Derevenko and his family followed the Imperial Family into exile to Tobolsk, where they settled in the Kornilov House, situated opposite the Governor’ House, where the Tsar and his family were held under house arrest. Derevenko was permitted access to the latter to administer any necessary medical treatment.

When the Bolsheviks came to power in October 1917, the situation for the captives changed. In April 1918, the Bolshevik commissar Yakovlev arrived in Tobolsk, and took charge. The Imperial Family and their faithful retainers were transported to Ekaterinburg in two groups. Dr. Derevenko remained with the second group in Tobolsk to attend to Alexei who was ill. Following the heir’s recovery in May 1918, they were sent Ekaterinburg to be reunited with the rest of the family.

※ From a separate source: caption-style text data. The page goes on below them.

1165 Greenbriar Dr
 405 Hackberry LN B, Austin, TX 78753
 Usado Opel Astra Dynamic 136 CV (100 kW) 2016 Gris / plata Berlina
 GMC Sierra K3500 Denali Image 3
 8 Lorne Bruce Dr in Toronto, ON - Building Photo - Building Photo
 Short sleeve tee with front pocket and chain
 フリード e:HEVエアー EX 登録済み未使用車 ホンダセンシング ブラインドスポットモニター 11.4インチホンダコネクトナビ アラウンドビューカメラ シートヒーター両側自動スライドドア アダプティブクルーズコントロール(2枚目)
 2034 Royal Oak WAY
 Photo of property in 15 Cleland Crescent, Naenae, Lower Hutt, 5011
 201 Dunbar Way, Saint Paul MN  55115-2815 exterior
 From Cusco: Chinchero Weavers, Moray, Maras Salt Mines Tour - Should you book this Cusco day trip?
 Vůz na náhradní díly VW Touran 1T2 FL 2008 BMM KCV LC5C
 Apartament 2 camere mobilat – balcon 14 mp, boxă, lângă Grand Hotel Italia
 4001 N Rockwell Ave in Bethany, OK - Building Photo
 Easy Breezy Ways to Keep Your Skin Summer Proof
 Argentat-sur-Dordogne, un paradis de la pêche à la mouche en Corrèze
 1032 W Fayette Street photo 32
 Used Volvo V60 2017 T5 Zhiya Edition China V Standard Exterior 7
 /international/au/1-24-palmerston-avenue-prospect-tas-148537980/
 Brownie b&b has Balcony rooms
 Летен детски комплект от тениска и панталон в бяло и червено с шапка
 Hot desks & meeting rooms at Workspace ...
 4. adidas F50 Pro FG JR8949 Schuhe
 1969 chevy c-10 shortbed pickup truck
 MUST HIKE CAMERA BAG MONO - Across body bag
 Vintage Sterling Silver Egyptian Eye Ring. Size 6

During the Ekaterinburg period of Derevenko’s life, he was admitted to the Ipatiev House, but only to provide medical treatment to Alexei, whose health was deteriorating. During such visits, the doctor was forbidden to speak with any member of the Imperial Family.

Derevenko was fortunate to have survived the massacre in the Ipatiev House. In December 1918, the doctor and his family moved to Perm, which was occupied at the time by the Whites. It was here that he began to work in the surgical clinic of Perm University. When the Red Army units approached Perm in July 1919, together with some of the teachers, staff and students of Perm University, Derevenko was evacuated to Tomsk, where he worked as a surgeon in the Tomsk military hospital, where he continued working after the establishment of Soviet power in the region in December 1919.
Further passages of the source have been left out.